Understand Azure AI services for computer vision

Azure AI provides a wide range of services for various AI tasks including Computer Vision.
Azure AI Vision provides prebuilt and customizable computer vision models.
These models are based on deep learning models and provides various capabilities.
Azure AI Vision offers many functionalities for computer vision scenarios while retaining the ability to create your own custom model.
Within Azure AI Vision there are services that handle specific set of tasks including:
- Azure AI Vision Image Analysis Service: It detects objects in the images, tags visual features, generates captions and supports optical character recognization.

Screenshot of image captioning example from Azure AI Foundry.

Azure AI Face Service: Detects, recognizes and analyzes human faces in images.

Screenshot of face detection example from Azure AI Foundry.

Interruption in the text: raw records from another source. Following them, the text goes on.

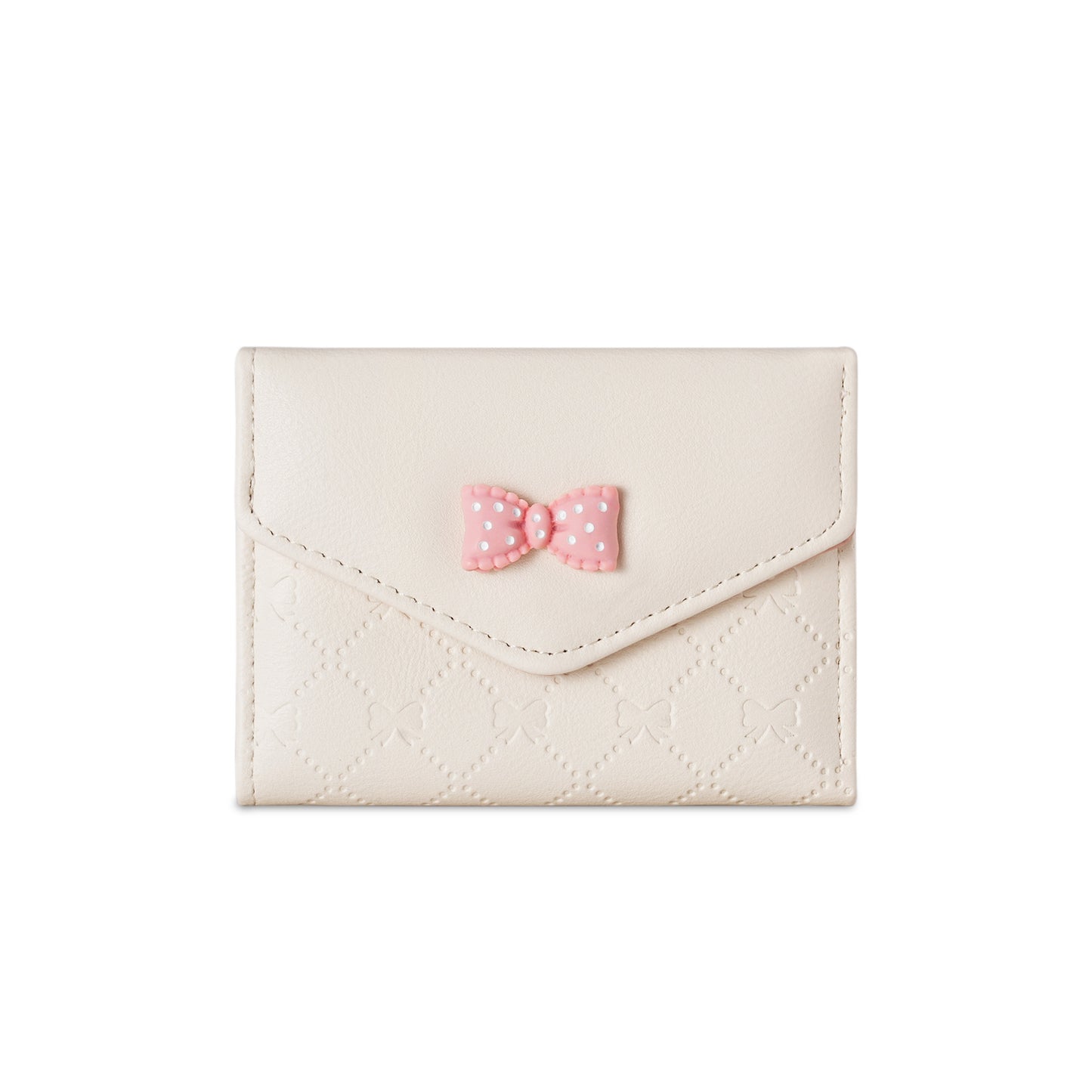 Elegant Mini Wallet for Women with Bow Design, Ins Style Card Holder, Three-Fold PU Leather Purse with Anti-Theft Function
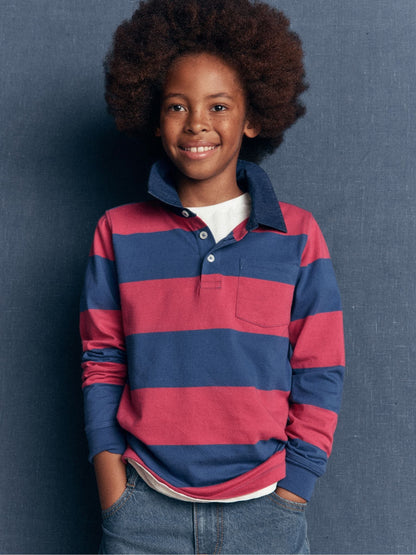 Dsiney Kidz - Boden Red Long Sleeve Smart Polo Shirt image 1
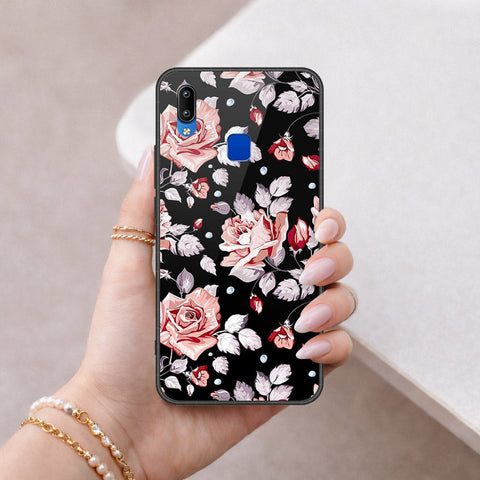 Vivo Y90 Cover - Floral Series - HQ Ultra Shine Premium Infinity Glass Soft Silicon Borders Case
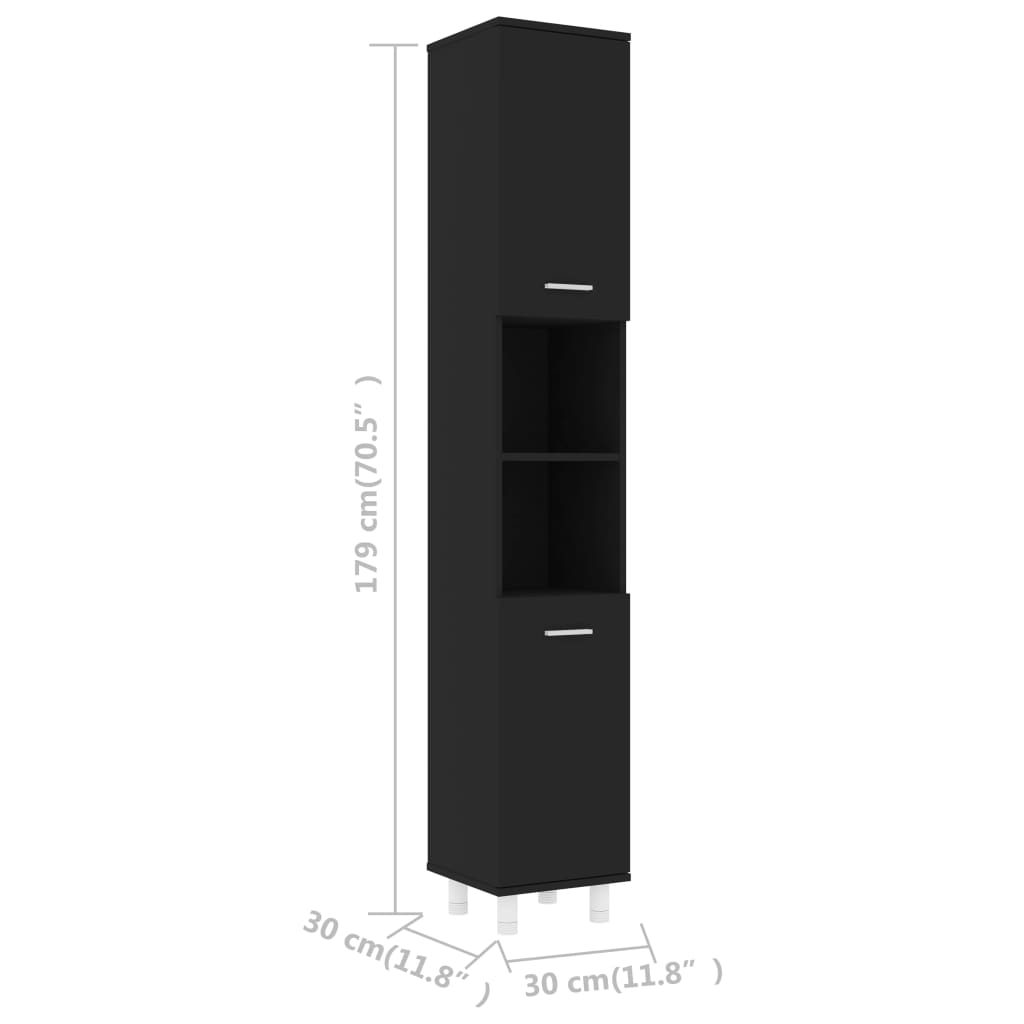 Tall black Bathroom Cabinet 30x30x179 cm Engineered Wood with two doors and open shelves, perfect for modern bathrooms.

Understand Azure AI Vision Image Analysis capabilities

Describing an image with captions

Azure AI Vision has the ability to analyze an image, evaluate the objects that are detected, and generate a human-readable phrase or sentence that can describe what was detected in the image.
For example, consider the following image:

Diagram of a man on a skateboard.

Azure AI Vision returns the following caption for this image: A man jumping on a skateboard.

Detecting common objects in an image

Azure AI Vision can identify thousands of common objects in images.
For example, when used to detect objects in the skateboarder image discussed previously, Azure AI Vision returns the following predictions:
- Skateboard (90.40%)
- Person (95.5%)
The predictions include a confidence score that indicates the probability the model has calculated for the predicted objects.
In addition to the detected object labels and their probabilities, Azure AI Vision returns bounding box coordinates that indicate the top, left, width, and height of the object detected.
You can use these coordinates to determine where in the image each object was detected, like this:

Diagram of a skateboarder with bounding boxes around detected objects.

Tagging visual features

Azure AI Vision can suggest tags for an image based on its contents.
These tags can be associated with the image as metadata that summarizes attributes of the image and can be useful if you want to index an image along with a set of key terms that might be used to search for images with specific attributes or contents.
For example, the tags returned for the skateboarder image (with associated confidence scores) include:
- sport (99.60%)
- person (99.56%)
- footwear (98.05%)
- skating (96.27%)
- boardsport (95.58%)
- skateboarding equipment (94.43%)
- clothing (94.02%)
- wall (93.81%)
- skateboarding (93.78%)
- skateboarder (93.25%)
- individual sports (92.80%)
- street stunts (90.81%)
- balance (90.81%)
- jumping (89.87%)
- sports equipment (88.61%)
- extreme sport (88.35%)
- kickflip (88.18%)
- stunt (87.27%)
- skateboard (86.87%)
- stunt performer (85.83%)
- knee (85.30%)
- sports (85.24%)
- longboard (84.61%)
- longboarding (84.45%)
- riding (73.37%)
- skate (67.27%)
- air (64.83%)
- young (63.29%)
- outdoor (61.39%)

Optical character recognition

Azure AI Vision service can use optical character recognition (OCR) capabilities to detect text in images.
For example, consider the following image of a nutrition label on a product in a grocery store:

Diagram of a nutrition label.

The Azure AI Vision service can analyze this image and extract the following text:

Nutrition Facts Amount Per Serving
Serving size:1 bar (40g)
Serving Per Package: 4
Total Fat 13g
Saturated Fat 1.5g
Amount Per Serving
Trans Fat 0g
calories 190
Cholesterol 0mg
ories from Fat 110
Sodium 20mg
ntDaily Values are based on
Vitamin A 50
calorie diet

Training custom models

You can train a custom model for image classification or object detection.
Azure AI Vision builds custom models on the pre-trained foundation model, meaning that you can train sophisticated models by using relatively few training images.

Image classification

An image classification model is used to predict the category, or class of an image.
For example, you could train a model to determine which type of fruit is shown in an image, like this:

Apple	Banana	Orange

Object detection

Object detection models detect and classify objects in an image, returning bounding box coordinates to locate each object.
In addition to the built-in object detection capabilities in Azure AI Vision, you can train a custom object detection model with your own images.
For example, you could use photographs of fruit to train a model that detects multiple fruits in an image, like this:

Diagram of multiple detected fruits in an image.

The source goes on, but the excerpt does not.